The comfort zone in cybersecurity is gone. Attackers are scaling down, focusing tighter, and squeezing more value from fewer, high-impact targets. At the same time, defenders face growing blind spots — from spoofed messages to large-scale social engineering.

This week’s findings show how that shrinking margin of safety is redrawing the threat landscape. Here’s what’s making headlines.

Hijack Loader expands its reach in Latin America

Phishing emails containing SVG file attachments targeting Colombian, Spanish-speaking individuals with themes relating to the Attorney General’s office of Colombia have been used to deliver PureHVNC RAT. “The emails entice the user to download an ‘official document’ from the judicial information system, which starts the infection chain of executing a Hijack Loader executable that leads to the PureHVNC Remote Access Trojan (RAT),” IBM X-Force said. The activity was observed between August and October 2025. The findings are notable because this is the first time Hijack Loader has been used in campaigns targeting the region, in addition to using the loader to distribute PureHVNC.

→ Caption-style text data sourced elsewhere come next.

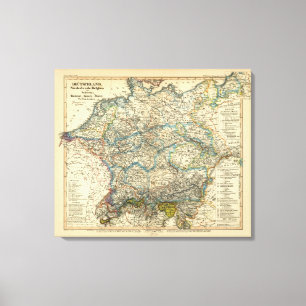Toile L'Allemagne Pays-Bas Belgique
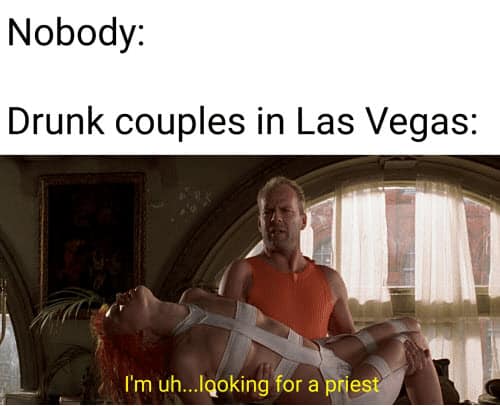 vegas drunk couples meme
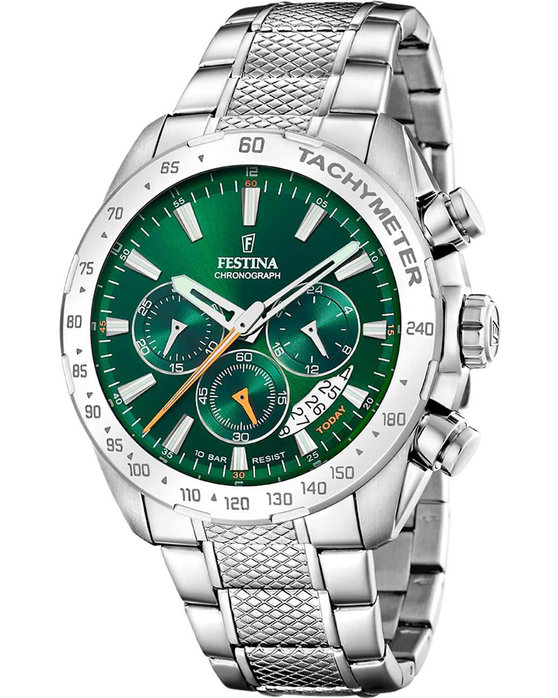 FESTINA Chronograph Silver Stainless Steel Bracelet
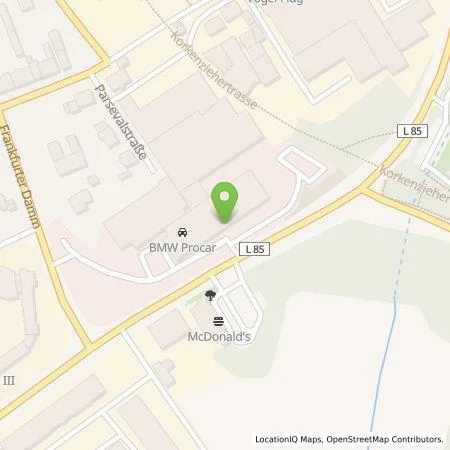 Standortübersicht der Tankstelle Procar Automobile GmbH in 42719 Solingen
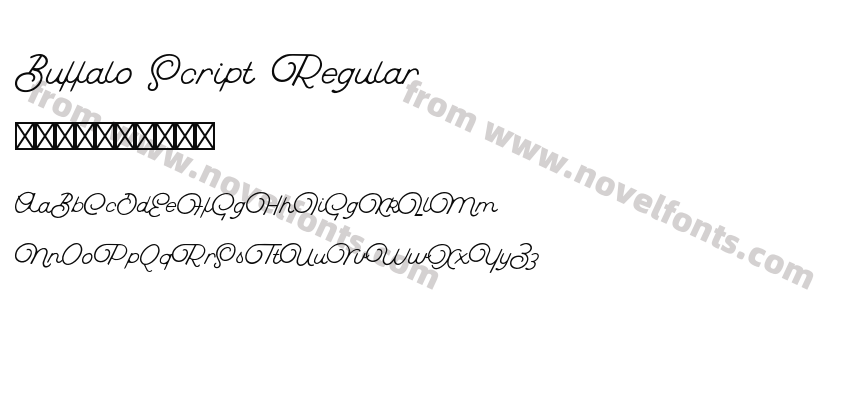 Buffalo Script RegularPreview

Insider sells U.S. cyber weapons to Russia for crypto

Peter Williams, 39, an Australian national, pleaded guilty in the U.S. in connection with selling his employer’s trade secrets to a Russian cyber-tools broker. Williams pleaded to two counts of theft of trade secrets stolen from U.S. defense contractor L3Harris Trenchant between 2022 and 2025. This included national-security-focused software that included at least eight sensitive and protected cyber-exploit components that were meant to be sold exclusively to the U.S. government and select allies. “Williams sold the trade secrets to a Russian cyber-tools broker that publicly advertises itself as a reseller of cyber exploits to various customers, including the Russian government,” the U.S. Department of Justice said. The defendant received payment in cryptocurrency from the sale of software exploits and used the illicit proceeds to buy luxury watches and other items. Charges against Williams came to light last week. While the name of the exploit broker was not disclosed, evidence points to Operation Zero, which has previously offered up to $4 million for Telegram exploits and $20 million for tools that could be used to break into Android and iPhone devices. Operation Zero advertises itself as the “only Russian-based zero-day vulnerability purchase platform.” Earlier this August, another United Arab Emirates-based startup named Advanced Security Solutions also announced rewards of up to $20 million for hacking tools that could help governments break into any smartphone with a text message.

Spoofed calls drive global fraud epidemic

Europol has highlighted the urgent need for a coordinated, multi-faceted approach to mitigate cross-border caller ID spoofing. “Caller ID spoofing drives financial fraud and enables social engineering scams, resulting in substantial economic and societal damage, with an estimated EUR 850 million lost worldwide annually,” the agency said. “The primary attack vectors are phone calls and texts, which allow malicious actors to manipulate the information displayed on a user’s caller ID, to show a false name or number that appears legitimate and trustworthy.” The technique, which accounts for roughly 64% of reported fraud cases involving phone calls and text messages, underpins a wide range of online fraud schemes and social engineering scams, costing an estimated €850 million ($990 million) worldwide each year.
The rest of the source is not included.